◆ Problem details:
Match the word "background". Return each line of the data below where it appears.

◆ Provided records:
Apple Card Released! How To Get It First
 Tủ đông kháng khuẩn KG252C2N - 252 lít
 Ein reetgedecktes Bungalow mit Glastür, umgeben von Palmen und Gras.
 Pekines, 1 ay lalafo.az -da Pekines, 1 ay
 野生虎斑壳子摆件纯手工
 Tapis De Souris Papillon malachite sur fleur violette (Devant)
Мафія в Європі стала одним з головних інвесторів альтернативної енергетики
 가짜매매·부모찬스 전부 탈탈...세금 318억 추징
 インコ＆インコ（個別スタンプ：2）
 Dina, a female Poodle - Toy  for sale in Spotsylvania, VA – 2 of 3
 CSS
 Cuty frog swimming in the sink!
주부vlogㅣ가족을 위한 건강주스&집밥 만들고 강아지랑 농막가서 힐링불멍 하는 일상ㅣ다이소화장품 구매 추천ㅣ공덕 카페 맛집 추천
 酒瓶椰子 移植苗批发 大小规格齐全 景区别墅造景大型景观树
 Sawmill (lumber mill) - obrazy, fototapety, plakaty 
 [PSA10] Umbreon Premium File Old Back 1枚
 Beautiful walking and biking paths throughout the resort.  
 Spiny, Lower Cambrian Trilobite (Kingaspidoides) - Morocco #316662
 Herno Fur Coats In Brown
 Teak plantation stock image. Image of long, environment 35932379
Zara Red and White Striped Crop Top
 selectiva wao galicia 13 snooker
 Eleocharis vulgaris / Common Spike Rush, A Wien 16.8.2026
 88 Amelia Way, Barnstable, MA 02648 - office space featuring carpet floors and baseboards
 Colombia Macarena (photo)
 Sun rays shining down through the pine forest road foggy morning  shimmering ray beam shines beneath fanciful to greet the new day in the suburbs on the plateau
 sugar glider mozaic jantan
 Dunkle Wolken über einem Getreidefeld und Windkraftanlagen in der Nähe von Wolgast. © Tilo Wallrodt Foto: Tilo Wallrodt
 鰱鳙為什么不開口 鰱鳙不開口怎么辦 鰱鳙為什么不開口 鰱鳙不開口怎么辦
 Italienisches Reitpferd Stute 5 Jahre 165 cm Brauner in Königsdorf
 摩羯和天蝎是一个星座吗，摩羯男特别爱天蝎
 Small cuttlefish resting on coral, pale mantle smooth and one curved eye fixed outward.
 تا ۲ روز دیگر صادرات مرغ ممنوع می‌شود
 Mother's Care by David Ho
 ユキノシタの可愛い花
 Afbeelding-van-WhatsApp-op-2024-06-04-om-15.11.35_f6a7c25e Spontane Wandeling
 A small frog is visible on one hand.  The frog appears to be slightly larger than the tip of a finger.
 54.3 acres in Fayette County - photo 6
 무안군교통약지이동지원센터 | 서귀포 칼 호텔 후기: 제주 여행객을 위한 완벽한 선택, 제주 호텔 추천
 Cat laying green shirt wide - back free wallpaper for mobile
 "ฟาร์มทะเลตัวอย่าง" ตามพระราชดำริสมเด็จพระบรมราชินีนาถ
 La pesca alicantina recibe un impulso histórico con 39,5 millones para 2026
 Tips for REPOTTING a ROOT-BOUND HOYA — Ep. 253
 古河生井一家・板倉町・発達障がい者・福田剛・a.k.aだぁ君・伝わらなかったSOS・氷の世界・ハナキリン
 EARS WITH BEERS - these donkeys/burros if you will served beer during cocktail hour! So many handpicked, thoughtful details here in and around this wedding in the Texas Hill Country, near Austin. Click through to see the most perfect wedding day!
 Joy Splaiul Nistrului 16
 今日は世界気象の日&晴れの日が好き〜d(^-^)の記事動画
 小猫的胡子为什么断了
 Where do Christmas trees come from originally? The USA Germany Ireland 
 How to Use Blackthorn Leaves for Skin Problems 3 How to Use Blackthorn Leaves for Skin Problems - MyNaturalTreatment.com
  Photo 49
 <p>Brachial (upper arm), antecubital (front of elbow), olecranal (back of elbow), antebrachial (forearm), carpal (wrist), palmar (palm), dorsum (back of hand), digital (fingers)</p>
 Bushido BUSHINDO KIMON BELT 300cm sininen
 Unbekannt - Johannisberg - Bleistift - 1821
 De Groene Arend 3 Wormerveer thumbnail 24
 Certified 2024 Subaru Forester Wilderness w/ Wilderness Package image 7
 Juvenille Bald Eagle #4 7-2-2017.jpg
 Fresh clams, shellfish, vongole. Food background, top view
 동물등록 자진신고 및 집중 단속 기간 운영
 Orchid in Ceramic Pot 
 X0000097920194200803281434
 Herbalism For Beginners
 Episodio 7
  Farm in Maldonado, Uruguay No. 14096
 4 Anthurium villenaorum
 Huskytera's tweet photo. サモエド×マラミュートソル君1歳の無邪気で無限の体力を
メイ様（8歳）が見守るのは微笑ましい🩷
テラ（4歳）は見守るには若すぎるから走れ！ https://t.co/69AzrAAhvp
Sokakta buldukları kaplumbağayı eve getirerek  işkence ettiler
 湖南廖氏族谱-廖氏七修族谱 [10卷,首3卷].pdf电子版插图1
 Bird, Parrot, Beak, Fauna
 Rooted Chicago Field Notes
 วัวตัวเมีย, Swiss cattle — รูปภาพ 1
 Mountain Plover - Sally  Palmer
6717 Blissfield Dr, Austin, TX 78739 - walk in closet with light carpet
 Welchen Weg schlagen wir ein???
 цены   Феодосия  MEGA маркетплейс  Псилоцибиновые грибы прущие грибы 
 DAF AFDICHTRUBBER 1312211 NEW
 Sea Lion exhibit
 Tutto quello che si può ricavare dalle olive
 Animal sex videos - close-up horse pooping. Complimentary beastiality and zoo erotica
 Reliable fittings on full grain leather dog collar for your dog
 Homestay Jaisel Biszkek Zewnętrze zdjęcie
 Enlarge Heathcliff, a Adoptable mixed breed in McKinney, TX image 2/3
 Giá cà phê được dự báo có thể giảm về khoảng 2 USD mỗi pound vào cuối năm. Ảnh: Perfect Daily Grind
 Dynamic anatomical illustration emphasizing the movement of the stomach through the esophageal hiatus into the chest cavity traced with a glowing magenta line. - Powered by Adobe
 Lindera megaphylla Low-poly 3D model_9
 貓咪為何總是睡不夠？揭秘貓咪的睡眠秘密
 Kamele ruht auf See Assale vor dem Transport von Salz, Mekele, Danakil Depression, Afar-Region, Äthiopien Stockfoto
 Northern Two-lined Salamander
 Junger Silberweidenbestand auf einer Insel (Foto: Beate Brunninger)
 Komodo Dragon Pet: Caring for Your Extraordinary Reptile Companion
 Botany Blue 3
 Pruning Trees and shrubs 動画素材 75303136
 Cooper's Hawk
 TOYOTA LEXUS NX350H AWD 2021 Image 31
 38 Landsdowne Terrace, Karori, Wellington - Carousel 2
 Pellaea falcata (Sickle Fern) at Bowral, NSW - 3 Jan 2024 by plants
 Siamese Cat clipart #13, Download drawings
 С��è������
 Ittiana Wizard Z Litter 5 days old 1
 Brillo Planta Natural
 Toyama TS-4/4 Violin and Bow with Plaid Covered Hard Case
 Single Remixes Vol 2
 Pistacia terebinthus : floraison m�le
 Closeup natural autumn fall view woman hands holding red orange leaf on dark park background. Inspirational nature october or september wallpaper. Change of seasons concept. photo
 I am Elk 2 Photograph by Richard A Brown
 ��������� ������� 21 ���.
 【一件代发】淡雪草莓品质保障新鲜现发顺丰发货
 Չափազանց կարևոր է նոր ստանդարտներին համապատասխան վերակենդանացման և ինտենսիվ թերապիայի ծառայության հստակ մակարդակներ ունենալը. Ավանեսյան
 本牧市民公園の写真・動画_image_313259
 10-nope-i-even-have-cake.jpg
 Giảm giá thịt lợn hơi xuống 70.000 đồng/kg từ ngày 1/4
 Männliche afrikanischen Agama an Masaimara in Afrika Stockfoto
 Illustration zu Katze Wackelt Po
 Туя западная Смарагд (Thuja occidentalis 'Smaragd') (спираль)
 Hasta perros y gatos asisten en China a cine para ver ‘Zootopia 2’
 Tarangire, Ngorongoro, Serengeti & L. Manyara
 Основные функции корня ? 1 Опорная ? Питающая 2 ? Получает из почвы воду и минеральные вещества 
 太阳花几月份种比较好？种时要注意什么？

◆ Result:
 Fresh clams, shellfish, vongole. Food background, top view
 Closeup natural autumn fall view woman hands holding red orange leaf on dark park background. Inspirational nature october or september wallpaper. Change of seasons concept. photo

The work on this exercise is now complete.